Zaha Hadid fire station: Fantasy meets functionality
After a major fire at the Vitra Campus in Weil am Rhein in Germany, the Swiss design company decided to build an on-site company fire station.
The winning design was by Zaha Hadid – and it was to become a seminal work that marked the start of her remarkable career in architecture.
Reminiscent of a stone sculpture, the fire station stands in stark contrast to the surrounding traditionally constructed production halls, with the angular concrete planes of the building converging on the main entrance. Hadid’s passion for architectural experimentation continues inside the building, where the design is characterised by a distinct lack of right angles and colour. The fire station is an example of one of Hadid’s earliest attempts to translate imagined concepts into functional architecture. Today, Vitra uses the space for events and exhibitions.
Heydar Aliyev Center: A cultural centre sowing the seeds for growth
In 2007, Zaha Hadid designed the Heydar Aliyev Center for a competition to create a new cultural centre for the Azerbaijan capital of Baku. The sculptural building, which opened in 2012, houses a national museum, a library and multiple concert and conference halls, and represents a deliberate break away from the design language of the surrounding architecture.
To bring this technically challenging design of undulating waves, curves and folds to life, the engineers combined the main body of the building with a space frame; the specially designed mesh system surrounding this frame is covered with fibreglass-reinforced concrete and plastic panels.
During the day, depending on the sunlight and where you’re standing when you look at the building, the reflective shell of the centre changes in appearance. At night, the large glass panes open up views of what is going on inside.

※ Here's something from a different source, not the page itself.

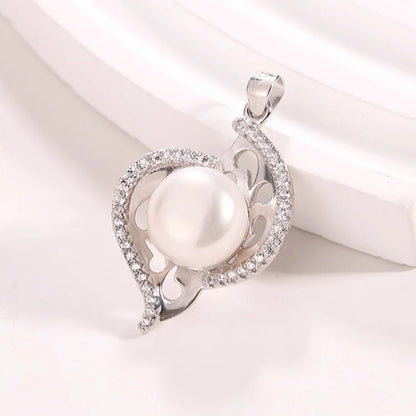 Trendy design sterling silver cultured real freshwater pearl heart shaped charm pendant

Riverside Museum in Glasgow: A building that flows from the city to the river
The Riverside Museum of Transport in Glasgow is another example of a Zaha Hadid work that is designed to dynamically harmonise with its environment. Located where the River Kelvin joins the Clyde, the building’s tunnel-like configuration connects the city to the river and its industrial harbour setting. The metallic shell of the zig-zagging roof opens at opposing ends with floor-to-ceiling glass panes.

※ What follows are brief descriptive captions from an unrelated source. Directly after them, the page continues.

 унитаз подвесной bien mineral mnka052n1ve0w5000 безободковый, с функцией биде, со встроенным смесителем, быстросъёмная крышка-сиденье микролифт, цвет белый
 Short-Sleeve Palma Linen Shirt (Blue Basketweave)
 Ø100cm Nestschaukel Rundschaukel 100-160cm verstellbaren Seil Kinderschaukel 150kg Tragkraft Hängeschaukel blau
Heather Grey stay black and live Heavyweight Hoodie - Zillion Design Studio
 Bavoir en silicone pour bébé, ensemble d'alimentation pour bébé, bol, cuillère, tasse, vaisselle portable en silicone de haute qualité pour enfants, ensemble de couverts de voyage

In spite of these enormous glass panels, the exhibitions inside are largely hidden from external view. Depending on perspective, the peaks and troughs of the roof construction can appear as soft waves or harsher jagged edges. The Riverside Museum building – Zaha Hadid’s first work in Britain – was completed in 2011.
Do you have a favourite among Zaha Hadid’s works? Which designs by this renowned architect resonate most with you?